Weak Teacher

Weak teachers represent a class of prediction algorithms for the case of the relaxation of the on-line protocol - the case when Reality provides true labels $y_n$ of examples with a delay or only occasionally, for a subset of trials (or both).

Definition

Teaching schedule - a function $L: N \rightarrow \mathbb{N}$ defined on an infinite set $N  = \{n_1, n_2, \ldots\}\subseteq \mathbb{N}$, $n_1 < n_2 < \ldots$ and satisfying

$L(n) \le n$ for all $n \in N$

and

$m \neq n \Rightarrow L(m) \neq L(n)$ for all $m \in N$ and $n \in N$.

The teaching schedule describes the way the data is disclosed: after the trial $n$, Reality provides the lable $y_{L(n)}$ for the object $x_{L(n)}$.

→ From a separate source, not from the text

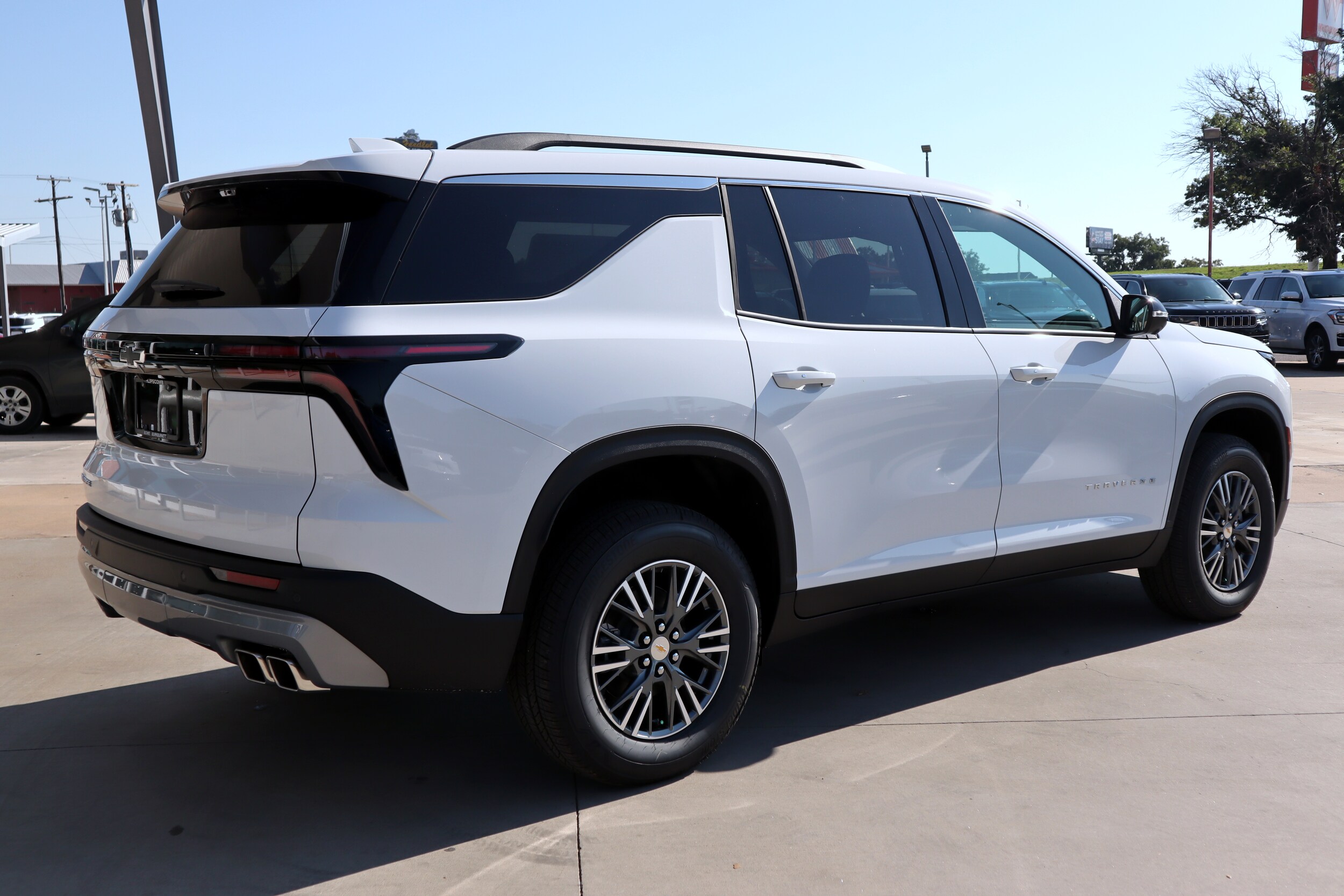 2026 Chevrolet Traverse photo 2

Weak teacher or $L$-taught version $\Gamma^L$ of a confidence predictor $\Gamma$ is

$\Gamma^{L, \epsilon}(x_1, y_1, \ldots, x_{n-1}, y_{n-1}, x_n) = \Gamma^{\epsilon}(x_{L_{n_1}}, y_{L_{n_1}}, \ldots, x_{L_{n_{s(n)}}}, y_{L_{n_{s(n)}}}, x_n)$,

where $s(n) := |\{i:i \in  N, i< n\}|$. In words, weak teacher is a confidence predictor whose prediction sets are based only on real lables disclosed by the end of the current trial.

An $L$-taught (smoothed) conformal predictor is a confidence predictor that can be represented as $\Gamma^L$ for some (smoothed) conformal predictor $\Gamma$.

Examples

Ideal teacher (TCM). If $N = \mathbb{N}$ and $L(n) = n$ for each $n \in N$, then $\Gamma^L = \Gamma$.

Slow teacher. If lag: $\mathbb{N} \rightarrow \mathbb{N}$ is an increasing function, $l(n) = n + \text{lag}(n)$, $N:= l(\mathbb{N})$ and $L(n) := l^{-1}(n), n \in N$ then $\Gamma^L$ is a predictor that learns the true label for each object $x_n$ but with a delay equal to $\text{lag}(n)$.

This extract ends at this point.